The PSCA said 32.1 percent of plans offered lifestyle funds in 2001. That was up from 27.6 percent in 2000.

Still, offering a lifestyle fund requires the employer to educate workers on how to use it. Take a 401k plan with four investment choices. It's common to see workers evenly split their savings among all four. When the lifestyle fund is added, the employees split their savings among all five investments. Workers "don't realize the lifestyle fund is diversified by itself," said Lori Lucas, defined-contribution consultant with Hewitt Associates.

Employee Action

Will workers take advantage of employers' efforts? Possibly not.

Employers and workers have historically taken a skimpy approach toward 401k education. Workers don't make it a priority, Lucas said. "The typical 401k plan participant doesn't want to spend more than 20 minutes a month" learning about or reviewing his or her plan, she said.

A Deloitte & Touche survey, to be released in October, found that 50 percent of employers say the biggest barrier to success is the lack of employee understanding of the plan.

Still, many employers only devote a single one-hour meeting a year to the subject.

Neither is devoting enough time, industry experts say.

What's needed is for workers to go back to school, Cormier said. "They need to be tested, corrected, lectured to and tested," he said. "That's not happening."

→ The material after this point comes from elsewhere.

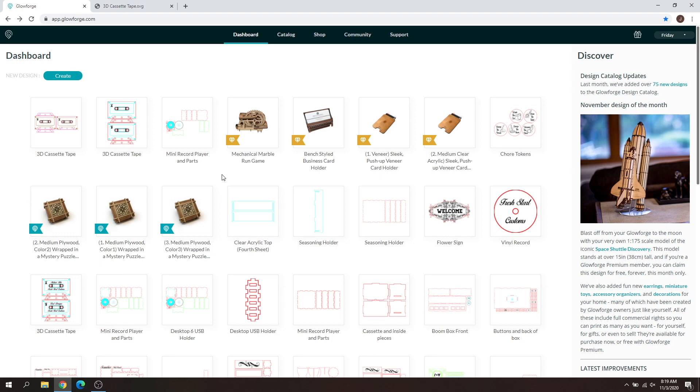Hey everyone, Josh here from Fresh Start Customs and today we're going to be going over the new export design feature.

Indeed, CIGNA found it needs to hound employees to act on their plan. "To transfer a concept, you need to reinforce seven times in 21 days," Miller said.

It's almost as if there's a job opening for a professional nagger. Hello, Mom?

The information provided here is intended to help you understand the general issue and does not constitute any tax, investment or legal advice. Consult your financial, tax or legal advisor regarding your own unique situation and your company's benefits representative for rules specific to your plan.